I recently moved to ver 9, and found that an algorithm that has served me well for years in previous versions no longer works in this newest version. Solving this kind of algorithm is critical to my work, so version 9 is virtually useless to me without the capability to solve them. (I had to return to ver 8 well hopefully for now.)

Attached file is the result after evaluating it in ver 9 and you can find the error messages concerning the k(t). However, the identical code works perfectly in ver 8.

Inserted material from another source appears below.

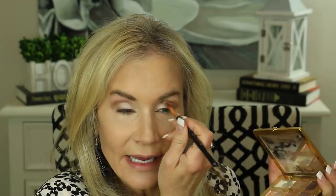Then we're going in with a Sigma E25 crease brush with that same color, Cashmere Bunny. Start at the outer corner because you want that to be the darkest and just bring it in — little circles on the outside, then bring that color in with a little windshield wiper motion. Now we're going to use our Sigma E40 to blend that out very gently. Then take that color a little bit under the eyes using the Sigma Smudge brush to give ourselves a little lower eyeliner.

So please help me out and let me know how to fix this. Any help or suggestion would be appreciated.

Thanks in advance,
Donny


If you need some background information, read below.


*****

It is about sovling 2x2 system of first-order differential equations such as...

dk/dt = Kdd[k(t),p(t)]
dp/dt = Pd [k(t), p(t)]
k(0)=K

It can be shown that:
k(t) -> ks and p(t) ->ps as t -> infinity, i.e. transversality conditions.

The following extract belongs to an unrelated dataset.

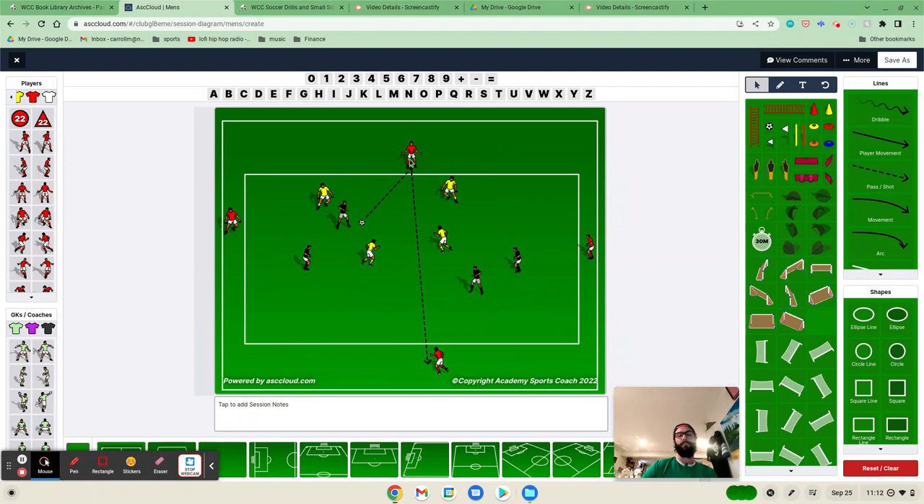We call this pass the outlet pass — it's relieving pressure. This player has his back turned to where our target is, so he's going to be under a lot of pressure. The pass back here relieves that pressure; it's an outlet. We really focus on this pass being a soft pass with enough pace — firm enough that it gets there before the defenders, but in a way that this player can play one touch and bang it right over the top and through. It should not be whipped at them, because if it is, they're going to have to take a second or third touch to set it up, and by then the defender is running at them.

K, ks, ps are all constants. (ks and ps are called steady states.)

As you see, this is a boundary value-type problem.
One can attack this problem by guessing the initial value of p(0) and trying repeatedly until a solution that meets transversality conditions are met. This method, called 'shooting', is conceptually as well as computationally inefficient.

The way to attack this kind of problem in my discipline is to view it as an initial value problem. That is, if the initial value of variable p corresponding to k(0)=K were known, then simply integrating these differential equations would yield the optimal solutions to k(t) and p(t) at each point in time.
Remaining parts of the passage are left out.